■ **Work required**
Count every line in the entries below that contains the word "Blue", and give only that number.

■ **Supplied data**
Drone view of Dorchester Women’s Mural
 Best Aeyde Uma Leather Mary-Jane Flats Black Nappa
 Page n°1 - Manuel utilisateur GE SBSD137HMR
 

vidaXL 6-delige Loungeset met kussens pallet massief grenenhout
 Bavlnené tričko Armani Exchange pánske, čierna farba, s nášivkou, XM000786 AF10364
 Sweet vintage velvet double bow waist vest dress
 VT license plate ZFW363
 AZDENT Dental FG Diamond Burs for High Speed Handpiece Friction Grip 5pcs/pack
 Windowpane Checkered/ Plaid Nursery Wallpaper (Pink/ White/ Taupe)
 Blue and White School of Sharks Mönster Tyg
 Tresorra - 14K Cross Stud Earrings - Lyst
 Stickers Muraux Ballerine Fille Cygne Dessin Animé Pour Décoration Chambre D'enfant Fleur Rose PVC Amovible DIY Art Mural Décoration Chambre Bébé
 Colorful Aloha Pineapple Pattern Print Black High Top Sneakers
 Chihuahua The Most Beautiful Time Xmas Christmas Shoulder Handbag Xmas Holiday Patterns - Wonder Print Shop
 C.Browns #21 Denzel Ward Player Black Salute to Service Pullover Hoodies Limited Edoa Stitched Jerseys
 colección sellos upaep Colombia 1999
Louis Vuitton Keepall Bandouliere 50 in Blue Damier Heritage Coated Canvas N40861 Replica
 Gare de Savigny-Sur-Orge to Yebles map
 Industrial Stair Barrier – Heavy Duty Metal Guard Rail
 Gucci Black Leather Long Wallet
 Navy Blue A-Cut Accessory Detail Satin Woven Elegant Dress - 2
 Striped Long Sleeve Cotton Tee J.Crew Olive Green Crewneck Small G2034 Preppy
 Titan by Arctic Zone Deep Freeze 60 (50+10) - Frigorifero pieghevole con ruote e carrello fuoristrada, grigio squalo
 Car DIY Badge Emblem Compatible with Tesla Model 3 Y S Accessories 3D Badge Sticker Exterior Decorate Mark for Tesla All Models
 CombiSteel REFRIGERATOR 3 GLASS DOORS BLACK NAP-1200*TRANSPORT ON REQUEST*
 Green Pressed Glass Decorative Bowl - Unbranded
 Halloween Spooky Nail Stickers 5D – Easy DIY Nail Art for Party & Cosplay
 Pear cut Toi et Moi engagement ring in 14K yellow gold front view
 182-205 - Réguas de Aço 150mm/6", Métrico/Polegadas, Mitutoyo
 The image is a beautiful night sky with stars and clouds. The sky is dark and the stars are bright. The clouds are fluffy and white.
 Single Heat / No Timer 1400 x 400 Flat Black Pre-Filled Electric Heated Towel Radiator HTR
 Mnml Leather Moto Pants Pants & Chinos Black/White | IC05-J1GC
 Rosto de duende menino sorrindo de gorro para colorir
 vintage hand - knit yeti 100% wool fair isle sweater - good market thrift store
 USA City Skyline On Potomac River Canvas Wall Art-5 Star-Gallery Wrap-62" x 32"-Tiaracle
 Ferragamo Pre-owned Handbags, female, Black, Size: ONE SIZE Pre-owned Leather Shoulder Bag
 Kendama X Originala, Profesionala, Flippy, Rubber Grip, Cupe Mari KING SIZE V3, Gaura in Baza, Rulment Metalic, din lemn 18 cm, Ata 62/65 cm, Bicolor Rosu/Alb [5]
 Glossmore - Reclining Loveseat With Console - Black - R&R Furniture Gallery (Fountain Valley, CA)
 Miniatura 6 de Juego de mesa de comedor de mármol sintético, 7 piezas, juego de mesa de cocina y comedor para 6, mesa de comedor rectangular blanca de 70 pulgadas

■ **Task output**
3